I expect most of us mourn our own loss, knowing that Walter Cronkite has gone. He has left us to a bunch of ‘journalists,’ who simply will never measure up to the professional that Cronkite was.
He was probably too modest to realize how he really shaped the majority part of a century and contributed in so many ways to making America what it really is. Yet he also contributed to the America that many of us remember and long for. Now he belongs to the ages.
Welcome back Slowpoke, I was wondering where you have been. You and Speedy off somewhere getting into trouble?
I’m afraid I am going to have to agree with Punchak, I can’t fathom mentioning Cronkite in the same sentence with Jackson and Fawcett. I grew up with Cronkite, and with “good night Chet, good night David,” too of course. But Cronkite did have a singular persona. That said, I hardly think it is the death of journalism as Emma said. First, I can think of incredibly influential broadcast journalists who preceded Cronkite. Chief among them was Edward R. Murrow, who had a lot to do with bringing down the abuses of Sen. Joseph McCarthy. Murrow was easily the kind of icon Cronkite was, but for a much shorter time since he died in his 50s.
Also, I can think of great journalists today, especially in the print media. But also some in the broadcast media as well, including TV and radio like NPR. There are journalists working at home and abroad to do the traditional journalist task of “comforting the afflicted and afflicting the comfortable.” There are Pulitzer-prize winning reporters exposing all kinds of malfeasance in government and elsewhere. There are foreign correspondents in print and broadcast media risking their lives daily in war zones and other dangerous locations. Lots have been killed. Some are in prison. I truly believe that Walter Cronkite would be the first to be insulted at the blanket claim that journalism is dead.
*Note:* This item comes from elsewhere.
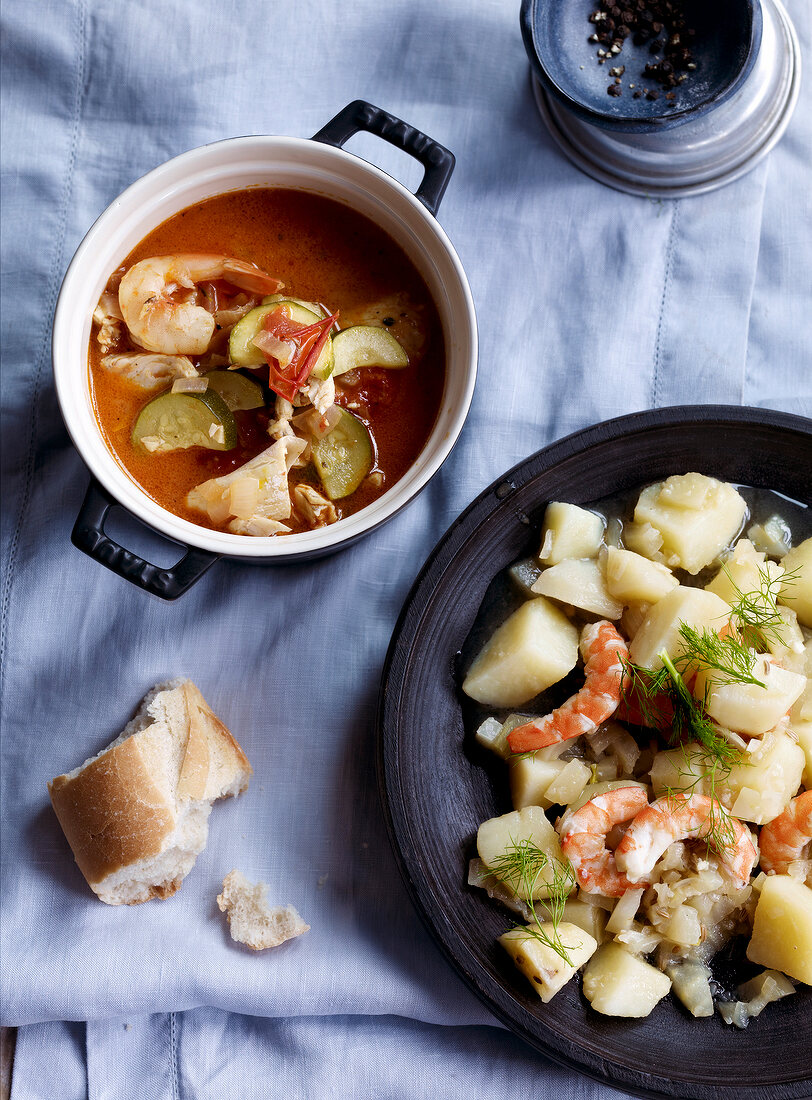 Fennel potato stew with prawns on plate and fish stew in casserole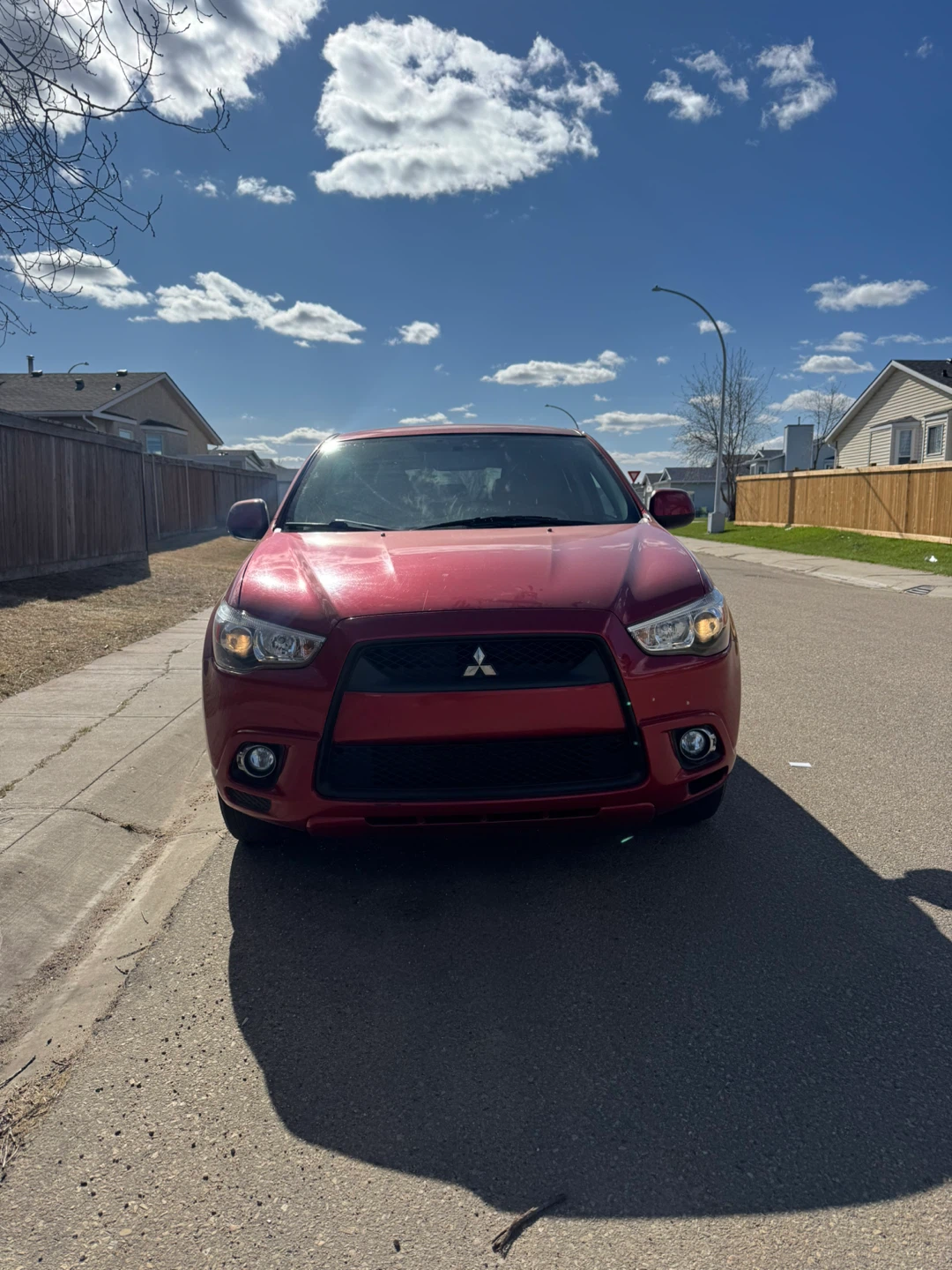 Red Mitsubishi RVR SUV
In news reports on CNN it sounds like he was not a fan of the Vietnam invasion. He must have been so sickened by Iraq. He was no longer an anchor when I started watching the news. To me he is a likable historical figure that everyone seemed to respect, so I did too. I couldn’t help but be happy for him that he lived to be 92 and he lived to see the end of the Bush years.
I agree, Walter Cronkite was head and shoulders above most journalists. He never was partisan, and I don’t see how anyone can assume anything about whether he was for or against the Iraq War.
Leaving that aside, indeed, there’s no journalist who has come close to him. Dan Rather was a very poor successor who could not be objective like Cronkite.
Cronkite was great when it came to reporting on space related stuff, as he was on more political subjects. It’s too bad more journalists don’t try and emulate him. As many people said above, it is the end of a era, and there is no one on TV that comes close to him. There were other journalists of his era that were like him, but he’s one of the last greats of that era. It’s too bad what has happened to brodcast journalism. Cronkite came across as more intelligent, more honest, and just more objective than anyone i can think of on any TV network today – whether the traditional national networks or the cable networks.
Journalism isn’t dead, but it has changed, and broadcast journalism has not changed for the better. Did you ever see Cronkite try and sensationalize a story for ratings? No. I’m sure he was horrified at what had become of broadcast journalism, even on his former network.
Too bad some people are trying to inject party politics into this discussion, I don’t think Walter Cronkite might look so kindly on that.
And you can’t believe CNN anyway – they could be editing/slanting any inteviews with him – also not many people were for the Vietnam war – so you can’t infer anything about his party politics. Yes, not many people were for the Iraq war, although you’d be surprised how many soldiers think we’re doing the right thing there. Quite different than Vietnam, where the soldiers were not at all for the war. Most soldiers I talk to (and I just talked at length to a Staff Sergeant who cmae back from Iraq in February) say the news media completely distorted what went on there, and the ground truth of what’s going on there is much different than the media would have you believe. He and others have a similar attitude – the US news media is scum, and they did all they could to make things look very different than the ground truth of what is happening there.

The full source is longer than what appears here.